In my youth, we suited up the same way to work bees in Wyoming! And they were just as ornery, unpredictable and would follow the same way often requiring a 15 minute break when leaving to allow them to go back home. It was a welcome relief and a time to rehydrate. Water just tastes much better from the jug than through a sweaty veil. LOL

And your post on training is excellent. A must read for anyone contemplating training others.

Thanks for sharing.

Tomas
08-08-2015, 02:01 PM
Thanks for the comments Dan and Dennis. I'm glad you're enjoying the blog.

humm
08-08-2015, 03:50 PM
Thanks Tom, I've really enjoyed reading your blog too. You answered a question I had about whether the AHBs were aggressive when swarming. I used to enjoy catching swarms years ago, and want to start again, but didn't know if I ran into a swarm of AHBs if they would be aggressive when I tried to catch them. I live in northern AZ at about 7000' elevation and haven't heard whether they have moved up here or not. I suspect they have, but I've read they don't winter over in cold areas well.
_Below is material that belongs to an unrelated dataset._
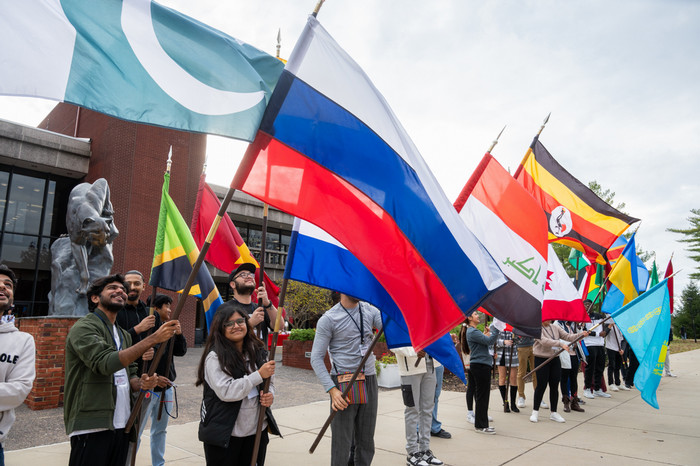 A group of international students standing in a line waving full sized flags of their home nation on a cloudy day outside the MUC and by the Cougar Statue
It seems to me that since they have hybridized with the Italians so much that they would have taken on some of their traits and be able to winter over just fine, while keeping the dominant trait for being highly aggressive. I hope not. I hope the cooler parts of the country gets spared the mean behavior. I'm real concerned that I might hive up a swarm, bring them home, and then suddenly someone gets attacked by them because I didn't realize they were AHBs. Looks like that could be a real possibility.

Tomas
10-09-2015, 08:23 PM
Para los apicultores y miembros de este foro quien habla español, ya tengo este en mi otro blog, “Reflexiones Sobre Apicultura.”

For the Spanish speaking beekeepers and members here on this forum, I now have this post on my companion blog, “Reflexiones Sobre Apicultura.”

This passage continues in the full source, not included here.